Improvements to FX Minimizer (#83833)
Summary: This diff improves the FX Minimizer for better error reports, and fixes a few other issues.
Test Plan: CI
Differential Revision: D38900309
Pull Request resolved: https://github.com/pytorch/pytorch/pull/83833
Approved by: https://github.com/yuhc, https://github.com/Chillee
diff --git a/torch/fx/passes/net_min_base.py b/torch/fx/passes/net_min_base.py
index 26df771..d63abb0 100644
--- a/torch/fx/passes/net_min_base.py
+++ b/torch/fx/passes/net_min_base.py
@@ -1,25 +1,29 @@
-from typing import Any, Callable, Tuple, Dict, Optional
import logging
+from dataclasses import dataclass
+from typing import Any, Callable, Dict, List, Optional, Tuple
import torch
import torch.fx
-from torch.fx.node import map_arg
from torch.fx._compatibility import compatibility
+from torch.fx.node import map_arg
from .shape_prop import ShapeProp
from .split_utils import split_by_tags
from .tools_common import (
- Tensors,
- TensorOrTensors,
- NodeList,
- NodeSet,
CALLABLE_NODE_OPS,
FxNetAccFusionsFinder,
- Names
+ Names,
+ NodeList,
+ NodeSet,
+ TensorOrTensors,
+ Tensors,
)
-from dataclasses import dataclass
-__all__ = ['FxNetMinimizerBadModuleError', 'FxNetMinimizerRunFuncError', 'FxNetMinimizerResultMismatchError']
+__all__ = [
+ "FxNetMinimizerBadModuleError",
+ "FxNetMinimizerRunFuncError",
+ "FxNetMinimizerResultMismatchError",
+]
_LOGGER = logging.getLogger(__name__)
@@ -32,6 +36,7 @@
pass
+
@compatibility(is_backward_compatible=False)

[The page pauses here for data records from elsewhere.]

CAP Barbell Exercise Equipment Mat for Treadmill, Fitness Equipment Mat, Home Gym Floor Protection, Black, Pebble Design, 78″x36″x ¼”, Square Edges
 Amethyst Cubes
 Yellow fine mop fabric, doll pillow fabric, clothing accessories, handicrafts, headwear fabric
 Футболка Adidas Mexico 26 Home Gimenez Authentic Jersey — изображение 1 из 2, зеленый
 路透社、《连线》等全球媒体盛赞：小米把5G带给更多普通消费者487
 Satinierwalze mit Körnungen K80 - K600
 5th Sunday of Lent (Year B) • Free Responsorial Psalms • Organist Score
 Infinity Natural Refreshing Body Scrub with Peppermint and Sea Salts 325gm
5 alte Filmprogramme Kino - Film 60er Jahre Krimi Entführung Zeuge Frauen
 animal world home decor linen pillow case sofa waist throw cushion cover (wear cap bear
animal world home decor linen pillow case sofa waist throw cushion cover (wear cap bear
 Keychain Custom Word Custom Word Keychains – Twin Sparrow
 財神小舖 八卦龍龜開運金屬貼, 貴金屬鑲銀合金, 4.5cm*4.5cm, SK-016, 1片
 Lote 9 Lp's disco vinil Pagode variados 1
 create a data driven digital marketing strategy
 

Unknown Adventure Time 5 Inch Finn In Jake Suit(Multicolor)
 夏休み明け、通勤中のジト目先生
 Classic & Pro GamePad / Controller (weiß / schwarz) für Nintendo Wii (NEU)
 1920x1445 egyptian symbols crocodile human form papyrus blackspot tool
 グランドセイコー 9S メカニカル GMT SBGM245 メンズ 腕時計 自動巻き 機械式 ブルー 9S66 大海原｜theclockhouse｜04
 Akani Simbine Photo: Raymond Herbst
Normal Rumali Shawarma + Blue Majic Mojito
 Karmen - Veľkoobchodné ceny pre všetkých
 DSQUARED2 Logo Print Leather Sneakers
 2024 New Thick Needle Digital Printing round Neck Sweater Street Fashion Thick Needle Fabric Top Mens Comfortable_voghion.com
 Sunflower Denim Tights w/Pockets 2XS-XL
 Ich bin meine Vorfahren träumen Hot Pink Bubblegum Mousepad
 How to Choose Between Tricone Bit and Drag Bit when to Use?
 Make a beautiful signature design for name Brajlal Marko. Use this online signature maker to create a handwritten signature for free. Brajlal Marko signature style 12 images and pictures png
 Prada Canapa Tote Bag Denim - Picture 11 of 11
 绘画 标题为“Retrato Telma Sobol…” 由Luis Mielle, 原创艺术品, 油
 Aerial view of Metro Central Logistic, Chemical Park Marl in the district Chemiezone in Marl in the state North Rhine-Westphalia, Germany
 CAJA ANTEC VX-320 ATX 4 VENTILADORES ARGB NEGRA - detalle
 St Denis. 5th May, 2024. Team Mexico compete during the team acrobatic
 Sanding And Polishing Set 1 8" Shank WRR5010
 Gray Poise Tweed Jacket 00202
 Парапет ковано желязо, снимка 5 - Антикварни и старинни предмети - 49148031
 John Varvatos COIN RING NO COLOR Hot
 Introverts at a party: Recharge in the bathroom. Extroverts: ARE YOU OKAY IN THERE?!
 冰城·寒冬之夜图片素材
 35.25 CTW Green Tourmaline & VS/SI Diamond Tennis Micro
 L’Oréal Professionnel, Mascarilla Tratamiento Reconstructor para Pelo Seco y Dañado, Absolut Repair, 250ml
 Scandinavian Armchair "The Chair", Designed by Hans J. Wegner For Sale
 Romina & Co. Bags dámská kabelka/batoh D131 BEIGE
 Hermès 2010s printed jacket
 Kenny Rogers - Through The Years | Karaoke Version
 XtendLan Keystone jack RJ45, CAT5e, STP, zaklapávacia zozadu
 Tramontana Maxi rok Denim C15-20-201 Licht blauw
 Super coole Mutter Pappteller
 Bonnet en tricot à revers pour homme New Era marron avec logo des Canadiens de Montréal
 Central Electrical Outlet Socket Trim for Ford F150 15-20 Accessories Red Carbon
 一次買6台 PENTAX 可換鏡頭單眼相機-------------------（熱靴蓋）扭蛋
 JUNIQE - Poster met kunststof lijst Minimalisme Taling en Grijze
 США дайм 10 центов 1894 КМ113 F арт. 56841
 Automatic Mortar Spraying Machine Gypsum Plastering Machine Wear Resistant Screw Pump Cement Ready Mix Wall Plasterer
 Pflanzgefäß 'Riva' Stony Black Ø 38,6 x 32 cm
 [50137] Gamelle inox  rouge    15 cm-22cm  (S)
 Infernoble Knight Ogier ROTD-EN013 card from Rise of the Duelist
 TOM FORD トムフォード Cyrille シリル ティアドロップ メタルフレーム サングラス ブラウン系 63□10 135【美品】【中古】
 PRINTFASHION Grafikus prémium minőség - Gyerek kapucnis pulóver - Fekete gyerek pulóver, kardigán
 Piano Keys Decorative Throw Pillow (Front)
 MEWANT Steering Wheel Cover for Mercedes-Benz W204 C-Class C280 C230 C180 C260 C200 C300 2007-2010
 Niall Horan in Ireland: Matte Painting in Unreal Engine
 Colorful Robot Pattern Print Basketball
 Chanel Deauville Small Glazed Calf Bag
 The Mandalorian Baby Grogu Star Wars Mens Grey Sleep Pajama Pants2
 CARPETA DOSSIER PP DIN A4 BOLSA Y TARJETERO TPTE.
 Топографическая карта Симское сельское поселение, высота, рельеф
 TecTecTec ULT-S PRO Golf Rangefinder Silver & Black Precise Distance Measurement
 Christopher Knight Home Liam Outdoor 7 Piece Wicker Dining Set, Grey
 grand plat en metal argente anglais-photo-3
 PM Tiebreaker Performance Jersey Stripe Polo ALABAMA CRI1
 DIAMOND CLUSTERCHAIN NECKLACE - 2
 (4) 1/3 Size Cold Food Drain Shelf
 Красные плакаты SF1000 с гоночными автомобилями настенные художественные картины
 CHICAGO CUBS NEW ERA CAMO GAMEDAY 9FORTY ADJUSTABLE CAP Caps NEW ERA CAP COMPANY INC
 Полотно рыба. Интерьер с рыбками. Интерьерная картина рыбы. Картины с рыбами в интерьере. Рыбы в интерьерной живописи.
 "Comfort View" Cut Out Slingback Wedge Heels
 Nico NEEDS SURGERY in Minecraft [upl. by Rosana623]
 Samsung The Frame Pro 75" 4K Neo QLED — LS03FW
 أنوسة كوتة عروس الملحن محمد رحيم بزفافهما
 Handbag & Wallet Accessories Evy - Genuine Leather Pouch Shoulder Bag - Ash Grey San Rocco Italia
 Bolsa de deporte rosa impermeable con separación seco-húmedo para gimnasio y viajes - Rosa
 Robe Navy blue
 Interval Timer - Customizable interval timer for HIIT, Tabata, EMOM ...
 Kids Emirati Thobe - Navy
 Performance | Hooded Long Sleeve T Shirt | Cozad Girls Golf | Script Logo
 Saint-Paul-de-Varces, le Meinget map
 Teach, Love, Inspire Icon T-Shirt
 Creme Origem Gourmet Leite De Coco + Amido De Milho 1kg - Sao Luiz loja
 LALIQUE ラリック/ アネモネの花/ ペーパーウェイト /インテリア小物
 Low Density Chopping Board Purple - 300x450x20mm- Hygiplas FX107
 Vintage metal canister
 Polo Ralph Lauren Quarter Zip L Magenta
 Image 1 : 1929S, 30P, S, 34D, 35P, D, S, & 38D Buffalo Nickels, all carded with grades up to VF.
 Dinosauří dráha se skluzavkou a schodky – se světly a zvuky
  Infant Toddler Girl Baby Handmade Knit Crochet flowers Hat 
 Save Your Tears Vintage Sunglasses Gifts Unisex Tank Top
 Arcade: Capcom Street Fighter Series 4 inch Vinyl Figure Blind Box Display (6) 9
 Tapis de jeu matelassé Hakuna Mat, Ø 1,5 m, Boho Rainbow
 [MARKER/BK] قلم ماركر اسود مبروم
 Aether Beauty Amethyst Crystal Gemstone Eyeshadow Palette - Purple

class FxNetMinimizerRunFuncError(Exception):
"""
@@ -40,6 +45,7 @@
pass
+
@compatibility(is_backward_compatible=False)
class FxNetMinimizerResultMismatchError(Exception):
"""
@@ -48,6 +54,7 @@
pass
+
@dataclass
class _MinimizerSettingBase:
"""
@@ -64,6 +71,7 @@
`return_intermediate`: If true, when using `run_nodes()` function to run the
model, intermediate results of all the ops will be returned as output.
"""
+
accumulate_error: bool = False
traverse_method: str = "sequential"
find_all: bool = False
@@ -97,7 +105,9 @@
self,
module: torch.fx.GraphModule,
sample_input: Tensors,
- compare_fn: Callable[[TensorOrTensors, TensorOrTensors, Names], Tuple[float, bool]],
+ compare_fn: Callable[
+ [TensorOrTensors, TensorOrTensors, Names], Tuple[float, bool]
+ ],
settings: _MinimizerSettingBase,
):
assert isinstance(module, torch.fx.GraphModule)
@@ -116,6 +126,12 @@
# Stores the results of compare_fn
self.results: Dict[Any, Any] = {}
+ # Stores the report for the runs
+ self.reports: List[List[str]] = []
+
+ # Current iteration
+ self.iteration: int = 0
+
callable_nodes = {
node for node in self.module.graph.nodes if node.op in CALLABLE_NODE_OPS
}
@@ -293,10 +309,7 @@
return split_module, submodule_name
def _run_and_compare(
- self,
- split_module: torch.fx.GraphModule,
- submod_name: str,
- output_names: Names
+ self, split_module: torch.fx.GraphModule, submod_name: str, output_names: Names
):
"""
Run the submodule in `split_module` that has name `submod_name`
@@ -311,6 +324,13 @@
submodule = getattr(split_module, submod_name)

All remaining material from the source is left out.